* **EXERCISE PROMPT**: Nothing belongs in the answer except the lines of the material that include "Tank".

**** DATA ****

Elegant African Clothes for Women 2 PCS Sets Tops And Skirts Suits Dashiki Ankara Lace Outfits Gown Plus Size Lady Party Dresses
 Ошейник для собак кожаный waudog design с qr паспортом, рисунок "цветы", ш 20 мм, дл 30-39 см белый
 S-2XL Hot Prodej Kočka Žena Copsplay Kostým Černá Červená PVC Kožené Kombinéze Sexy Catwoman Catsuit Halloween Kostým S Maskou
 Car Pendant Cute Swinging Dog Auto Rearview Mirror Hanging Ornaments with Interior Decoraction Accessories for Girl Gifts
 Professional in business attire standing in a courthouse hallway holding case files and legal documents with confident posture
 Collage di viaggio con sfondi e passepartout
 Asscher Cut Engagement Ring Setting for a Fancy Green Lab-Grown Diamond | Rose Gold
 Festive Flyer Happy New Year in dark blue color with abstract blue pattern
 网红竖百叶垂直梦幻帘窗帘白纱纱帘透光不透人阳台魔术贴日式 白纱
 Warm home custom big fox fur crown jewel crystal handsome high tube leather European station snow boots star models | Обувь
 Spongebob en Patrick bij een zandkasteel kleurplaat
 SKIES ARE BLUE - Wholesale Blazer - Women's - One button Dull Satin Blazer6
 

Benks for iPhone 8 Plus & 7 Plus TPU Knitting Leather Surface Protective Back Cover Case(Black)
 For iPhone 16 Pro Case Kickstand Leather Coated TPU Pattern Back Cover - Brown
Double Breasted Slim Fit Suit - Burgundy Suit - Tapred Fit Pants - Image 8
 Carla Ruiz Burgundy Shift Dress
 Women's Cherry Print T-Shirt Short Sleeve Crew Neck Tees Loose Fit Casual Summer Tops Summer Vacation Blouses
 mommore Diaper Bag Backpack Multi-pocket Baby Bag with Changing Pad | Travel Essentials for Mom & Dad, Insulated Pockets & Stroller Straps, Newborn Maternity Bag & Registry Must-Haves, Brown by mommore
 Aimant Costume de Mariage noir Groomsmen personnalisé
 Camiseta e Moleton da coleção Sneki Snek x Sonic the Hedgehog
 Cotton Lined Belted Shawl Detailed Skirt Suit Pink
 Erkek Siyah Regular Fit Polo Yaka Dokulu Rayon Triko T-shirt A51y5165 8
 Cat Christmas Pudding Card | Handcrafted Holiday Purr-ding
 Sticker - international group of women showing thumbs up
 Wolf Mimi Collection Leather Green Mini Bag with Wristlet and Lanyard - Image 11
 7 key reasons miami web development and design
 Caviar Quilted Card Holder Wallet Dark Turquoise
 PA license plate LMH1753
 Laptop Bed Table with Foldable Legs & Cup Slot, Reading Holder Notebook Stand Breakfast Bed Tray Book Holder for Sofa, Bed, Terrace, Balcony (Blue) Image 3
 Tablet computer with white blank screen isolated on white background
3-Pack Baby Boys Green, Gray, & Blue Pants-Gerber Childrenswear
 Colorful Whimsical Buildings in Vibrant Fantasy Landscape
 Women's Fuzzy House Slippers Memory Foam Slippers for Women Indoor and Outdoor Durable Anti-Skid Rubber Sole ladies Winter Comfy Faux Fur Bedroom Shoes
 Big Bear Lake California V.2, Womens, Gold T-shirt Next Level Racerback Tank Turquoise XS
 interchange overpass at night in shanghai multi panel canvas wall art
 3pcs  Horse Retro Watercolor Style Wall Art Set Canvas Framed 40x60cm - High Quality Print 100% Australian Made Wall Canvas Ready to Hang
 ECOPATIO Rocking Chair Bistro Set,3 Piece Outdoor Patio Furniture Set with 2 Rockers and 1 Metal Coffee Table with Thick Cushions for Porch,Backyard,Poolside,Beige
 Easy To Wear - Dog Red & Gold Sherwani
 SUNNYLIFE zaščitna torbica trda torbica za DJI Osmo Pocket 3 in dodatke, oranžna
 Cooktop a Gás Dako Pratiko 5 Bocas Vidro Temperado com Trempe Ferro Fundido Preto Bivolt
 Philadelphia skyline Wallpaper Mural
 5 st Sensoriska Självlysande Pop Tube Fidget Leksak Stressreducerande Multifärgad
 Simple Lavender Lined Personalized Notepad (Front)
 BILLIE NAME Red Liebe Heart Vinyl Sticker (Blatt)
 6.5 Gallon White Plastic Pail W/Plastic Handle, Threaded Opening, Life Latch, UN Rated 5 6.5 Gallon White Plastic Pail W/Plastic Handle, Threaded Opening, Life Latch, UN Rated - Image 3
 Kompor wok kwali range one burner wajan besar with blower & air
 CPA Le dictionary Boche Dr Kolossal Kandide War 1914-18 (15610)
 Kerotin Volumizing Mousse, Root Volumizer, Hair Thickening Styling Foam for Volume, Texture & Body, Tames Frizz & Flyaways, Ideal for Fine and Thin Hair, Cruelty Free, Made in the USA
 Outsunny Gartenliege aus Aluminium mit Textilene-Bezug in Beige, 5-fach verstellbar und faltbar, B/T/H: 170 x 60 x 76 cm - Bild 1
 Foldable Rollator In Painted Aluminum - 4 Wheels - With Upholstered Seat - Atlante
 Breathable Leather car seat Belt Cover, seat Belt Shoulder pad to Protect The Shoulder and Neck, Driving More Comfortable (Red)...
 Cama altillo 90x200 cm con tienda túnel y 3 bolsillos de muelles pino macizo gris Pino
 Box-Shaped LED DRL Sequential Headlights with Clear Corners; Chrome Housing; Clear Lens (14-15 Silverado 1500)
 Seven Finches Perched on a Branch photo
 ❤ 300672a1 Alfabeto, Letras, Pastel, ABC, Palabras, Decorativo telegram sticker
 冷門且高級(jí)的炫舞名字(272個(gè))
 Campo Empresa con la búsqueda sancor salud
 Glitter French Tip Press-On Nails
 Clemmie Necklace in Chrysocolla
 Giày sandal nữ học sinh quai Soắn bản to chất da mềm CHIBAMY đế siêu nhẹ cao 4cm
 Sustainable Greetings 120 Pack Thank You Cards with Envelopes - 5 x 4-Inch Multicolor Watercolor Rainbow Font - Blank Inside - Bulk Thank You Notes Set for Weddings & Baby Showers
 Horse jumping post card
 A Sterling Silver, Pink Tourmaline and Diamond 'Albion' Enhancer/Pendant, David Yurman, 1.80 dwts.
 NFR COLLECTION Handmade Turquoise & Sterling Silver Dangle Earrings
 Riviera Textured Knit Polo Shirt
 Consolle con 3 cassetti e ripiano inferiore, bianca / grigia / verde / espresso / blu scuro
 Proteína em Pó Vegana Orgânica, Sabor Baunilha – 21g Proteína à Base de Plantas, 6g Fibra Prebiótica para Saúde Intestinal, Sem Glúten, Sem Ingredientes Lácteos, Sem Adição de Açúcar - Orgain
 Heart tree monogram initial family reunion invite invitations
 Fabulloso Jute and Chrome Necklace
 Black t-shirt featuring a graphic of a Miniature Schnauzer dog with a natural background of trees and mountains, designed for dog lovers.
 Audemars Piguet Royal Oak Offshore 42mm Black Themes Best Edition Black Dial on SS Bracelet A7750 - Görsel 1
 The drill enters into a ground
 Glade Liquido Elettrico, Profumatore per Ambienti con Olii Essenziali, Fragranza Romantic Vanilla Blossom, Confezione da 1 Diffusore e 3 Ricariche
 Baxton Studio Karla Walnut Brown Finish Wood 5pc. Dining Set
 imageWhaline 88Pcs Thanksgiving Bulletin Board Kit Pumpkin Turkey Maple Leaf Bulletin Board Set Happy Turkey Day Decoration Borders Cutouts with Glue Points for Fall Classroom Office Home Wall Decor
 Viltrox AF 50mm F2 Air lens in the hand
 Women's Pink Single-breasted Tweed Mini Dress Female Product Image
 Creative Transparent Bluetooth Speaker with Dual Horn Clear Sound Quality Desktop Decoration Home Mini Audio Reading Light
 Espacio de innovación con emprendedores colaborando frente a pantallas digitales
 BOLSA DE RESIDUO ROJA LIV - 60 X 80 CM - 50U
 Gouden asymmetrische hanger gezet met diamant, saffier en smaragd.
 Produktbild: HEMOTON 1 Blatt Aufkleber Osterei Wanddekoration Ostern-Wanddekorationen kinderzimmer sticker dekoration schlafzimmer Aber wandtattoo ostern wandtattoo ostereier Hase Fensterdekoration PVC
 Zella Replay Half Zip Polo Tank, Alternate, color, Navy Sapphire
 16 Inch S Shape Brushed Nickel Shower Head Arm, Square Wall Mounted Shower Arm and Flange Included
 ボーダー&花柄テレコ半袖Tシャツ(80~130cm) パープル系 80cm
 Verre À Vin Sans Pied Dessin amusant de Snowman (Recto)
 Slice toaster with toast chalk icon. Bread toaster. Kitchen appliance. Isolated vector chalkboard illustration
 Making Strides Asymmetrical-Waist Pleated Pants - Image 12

****

* **SOLUTION TO THE PROBLEM**:
 Big Bear Lake California V.2, Womens, Gold T-shirt Next Level Racerback Tank Turquoise XS
 Zella Replay Half Zip Polo Tank, Alternate, color, Navy Sapphire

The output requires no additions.